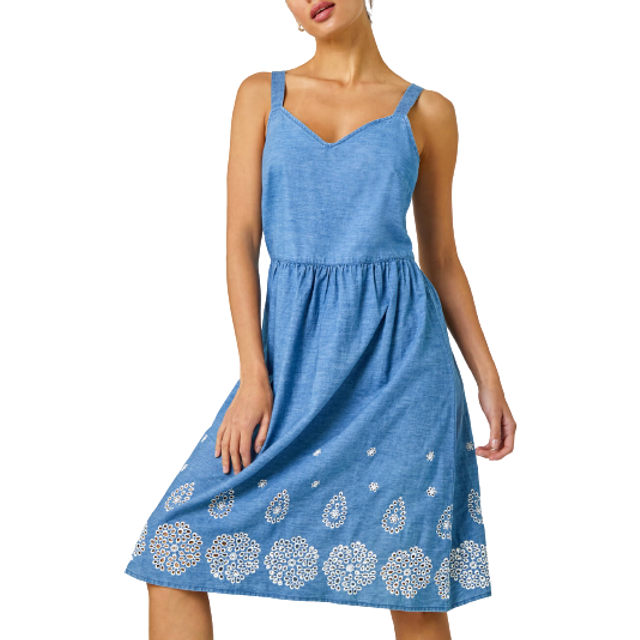 Sleeveless cotton embroidered midi dress for women uk - ladies roman originals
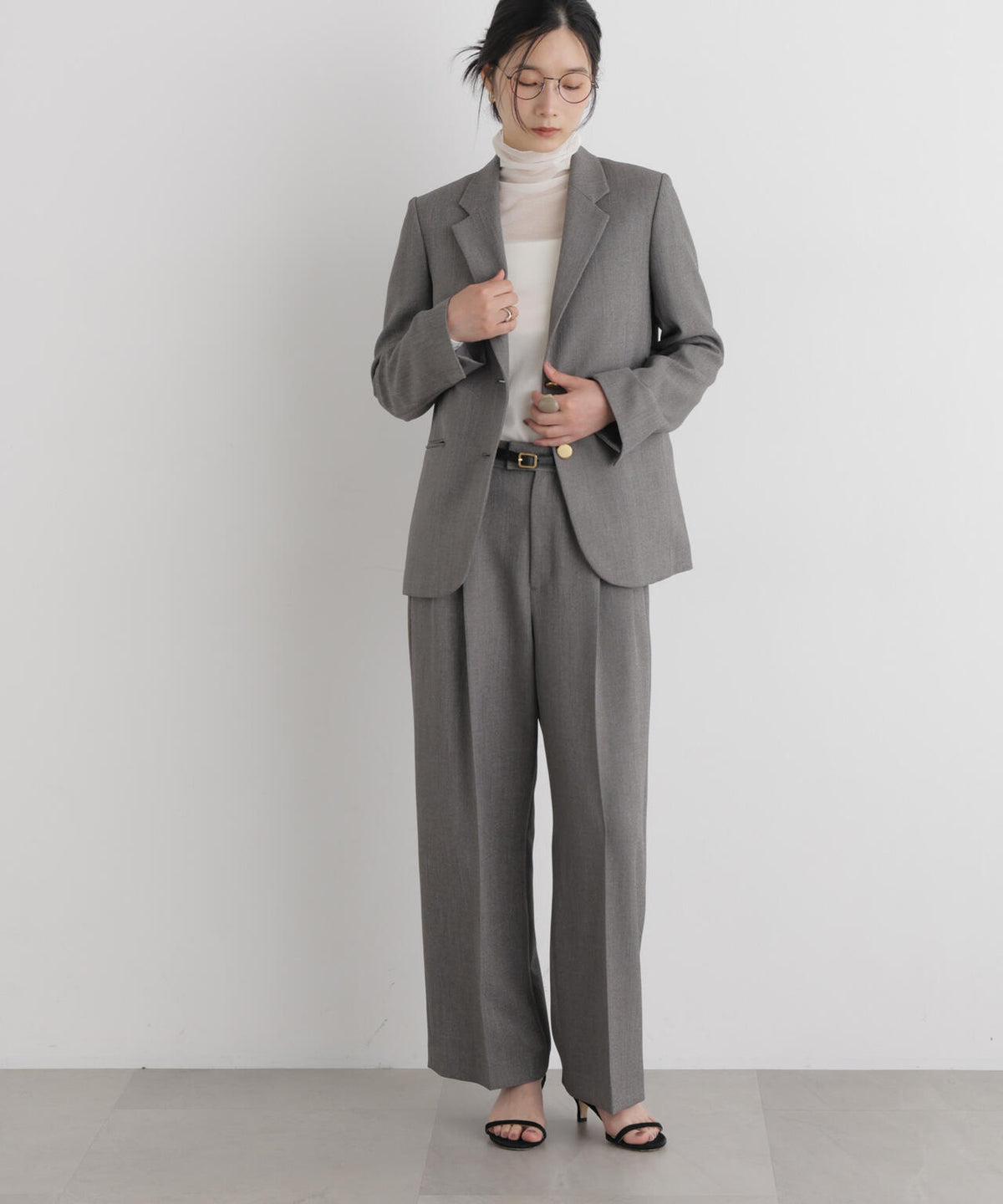 シャンブレーシャークスキンタックセミワイドパンツ(セットアップ可)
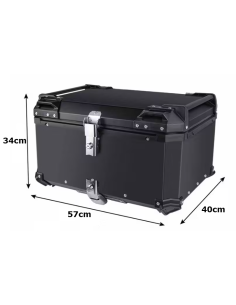 MALETA BAUL TRASERO ALUMINIO NEGRA 58 LITROS + PARRILLA + MAS FUNDA INTERIOR 2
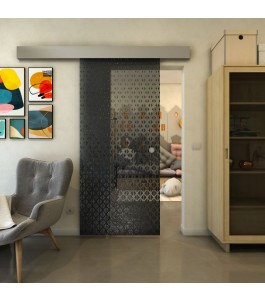 Glasschiebetür ECO-LINE - Fineprint Model 038 Schwarz auf Grauglas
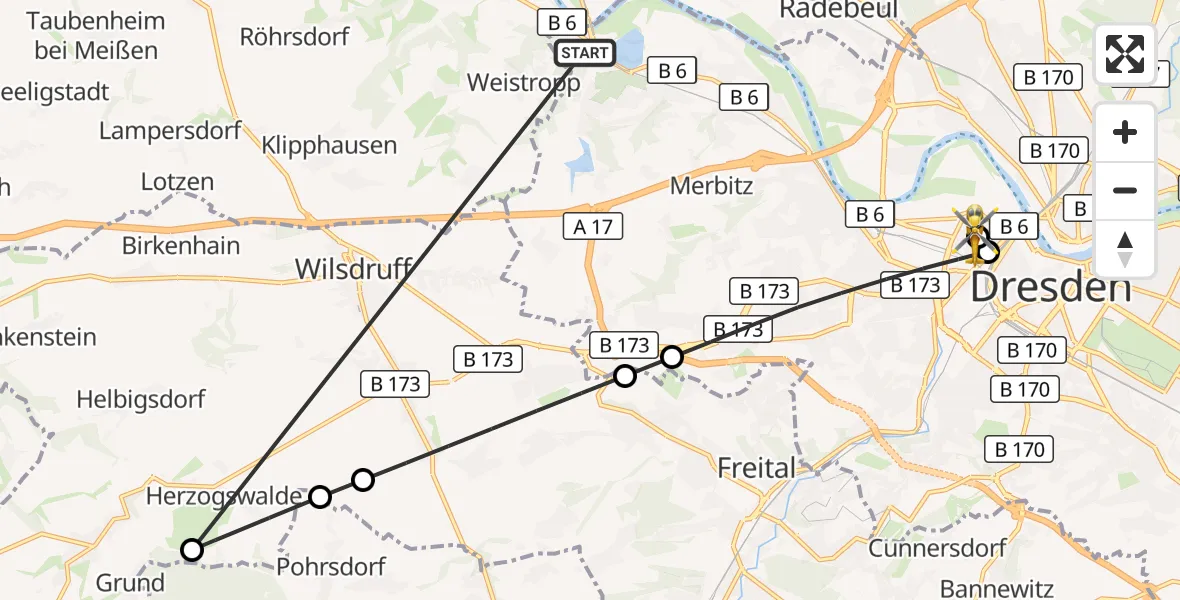 Flugroute Rettungshubschrauber Dresden - Dresden Friedrichstadt Hospital, 13 Oktober 2026, 09:46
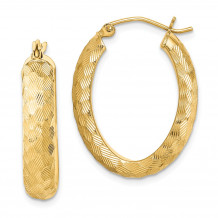Quality Gold Sterling Silver Gold Plated Textured Oval Hoop Earrings - QE8428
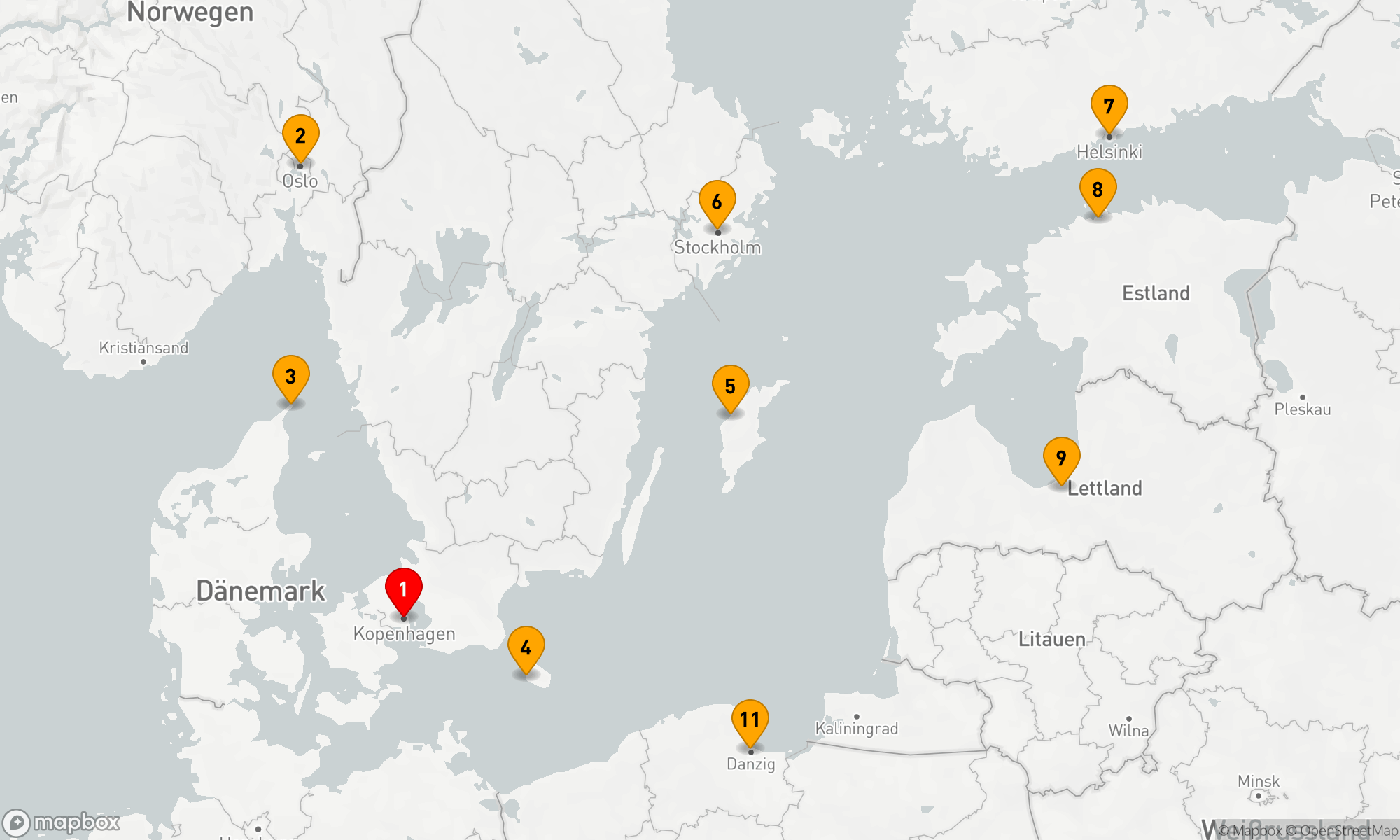 Route 12 Nächte - Norwegen,  Dänemark und Schweden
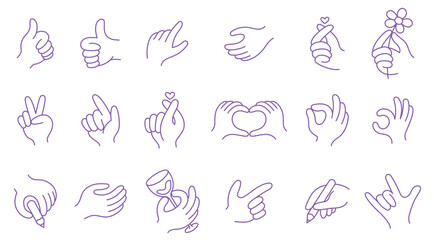 Collection of hand gestures showing various meanings and emotions in a simple line art style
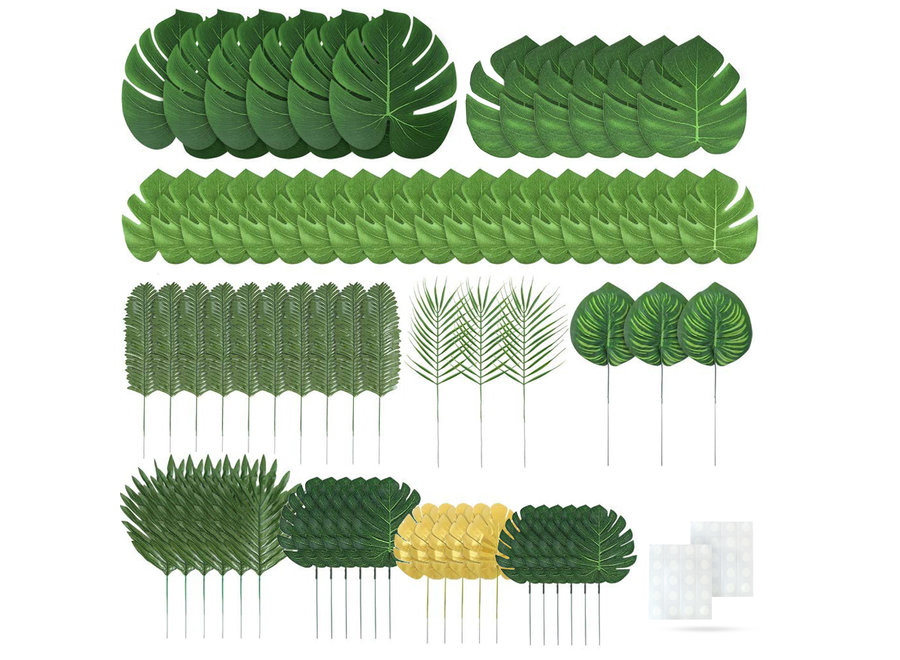 Fissaly® 70 Stuks Tropische Bladeren Decoratie met Lint – Kunst Blad – Verjaardag Jungle Versiering – Palm – Groen & Goud
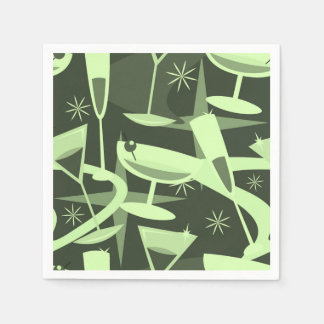 Atoom 50s Retro Martini Cocktail Patroon Servet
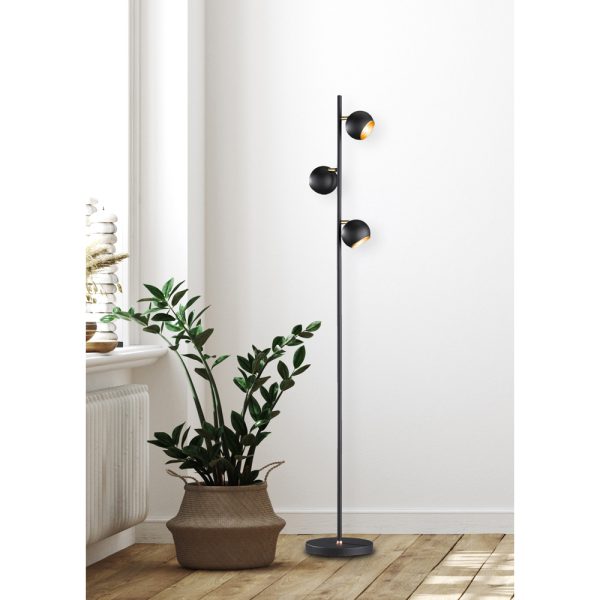 Vloerlamp Trio Leuchten Dakota zwart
•••••
Task instructions:
Return exactly the lines starting at the line with "Collection of hand" and ending at the last line of the listing, both ends included; pictures are to be left out.

Response:
 Collection of hand gestures showing various meanings and emotions in a simple line art style
 Fissaly® 70 Stuks Tropische Bladeren Decoratie met Lint – Kunst Blad – Verjaardag Jungle Versiering – Palm – Groen & Goud
 Atoom 50s Retro Martini Cocktail Patroon Servet
 Vloerlamp Trio Leuchten Dakota zwart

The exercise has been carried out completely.